I Expect More Violence from the Oil Industry

| Blog

By Anne Rolfes, Founding Director

I began my career in West Africa in the 1990s, where Nigerians who peacefully protested the oil industry’s destruction of their farms were raped, beaten and murdered. In the Niger Delta, violent repression was the oil industry and the Nigerian government’s response to a movement that had grown so powerful that on one day, in one protest, there were 300,000 people in the streets. Now the Standing Rock Sioux of North Dakota have the power as they resist the Dakota Access Pipeline. But they also have the oil industry sponsored violence (watch the video here). And as the oil industry feels more pressure from the Standing Rock Sioux, the Native Americans who are standing with them and the Keep it in the Ground movement, there is the threat of even more violence.

I am seeing it here in Louisiana. Last month, before the violence broke out in North Dakota, we occupied the local2 headquarters of the Bureau of Ocean Energy Management to repeat our call for an end to new drilling in the Gulf of Mexico. I told the Associated Press and other reporters about the violent foreboding in our part of the world. The radio program Living on Earth was the only media outlet to include my concerns about industry sponsored violence. Here’s an excerpt from that interview.

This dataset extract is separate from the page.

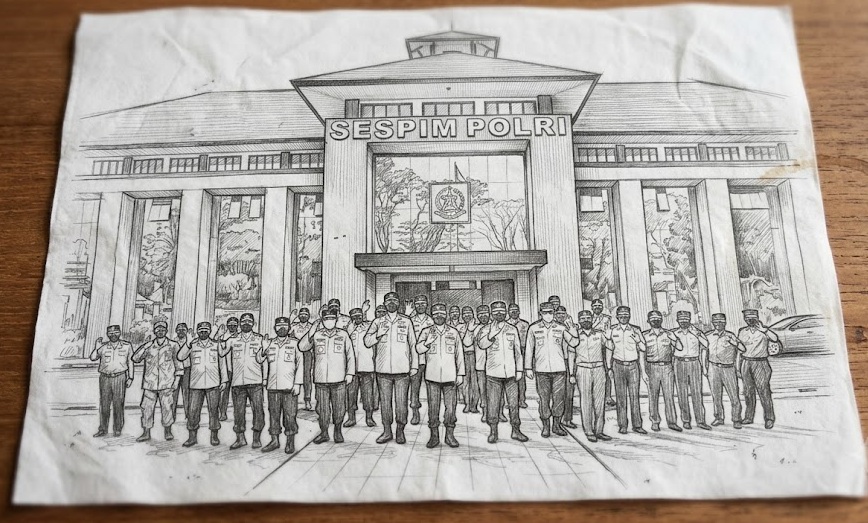 Mengenal Sekolah Staf dan Pimpinan (Sespim) Polri dan Syarat Masuknya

“When we went to their [Bureau of Ocean Energy Management] office last week, who was there? Two armed guards. Something is really wrong when you have to arm people in order to pull natural resources out of the ground. We certainly see this in countries around the world in places like Nigeria where I worked for several years, but now it's come to Louisiana. And it's a new day. I think what's ahead is more of the same, but we will continue to defend our natural resources and our homes from an industry that really is a predator.”

Days later, security teams used dogs and pepper spray against the peaceful Standing Rock Sioux. Such violence, of course, is nothing new to indigenous communities who have been brutalized, cheated and murdered since Europeans arrived and stole their land. But now Big Oil has joined in, adding to the violence.

To any of us who have battled the oil industry, the violence against the Sioux is not surprising.  The fossil fuel industry in general and the oil industry in particular has used any means necessary to extract its riches from the earth. This is true all over the globe, from the Americas and Africa to Asia and the Middle East.

In the refinery towns where I’ve worked for 17 years, the police and private security have consistently harassed me and those I work with. When we stop near a refinery and take a picture of a burning flame or black cloud of pollution, we know to snap fast. A police officer or oil industry security guard will pull up and tell us what we’re doing is illegal, even though it’s not. The law may be on our side, but these security forces are not. It’s often not worth risking a dangerous encounter in a small southern town to stop and record pollution. What we’re recording is another form of violence – this kind the long, steady attack of carcinogens and neurotoxins that ruin the health and the lives of those in Louisiana, usually African Americans, who are unfortunate enough to live cheek to cheek with Big Oil’s refineries.

The Sioux and their supporters did not run away but held their ground – even pursued bulldozers -  in the face of the dog attacks and pepper spray from the security force. When questioned on camera, one member of the security force denied using pepper spray though he clearly had done so. He and his colleagues eventually got in their trucks and drove away. A Washington Post story reported that security guards and their dogs had been injured. This, too, is typical of Big Oil – claiming harm when they are the brutal, destructive instigator.

The media attention has no doubt slowed the violence in North Dakota. The security guards might have released their dogs in force were Amy Goodman not there with her Democracy Now film crew. But I write this as a warning cry. After the cameras leave, the Standing Rock Sioux will be at even greater risk, for the burn of retribution runs hot -  as hot as the oil industry’s sense of entitlement to our natural resources. I write this as a warning cry, too, for the Deep South. As our movement to end new drilling in our Gulf of Mexico gains power, the oil industry will be out in force with their weapons and their violence. Please come when we call.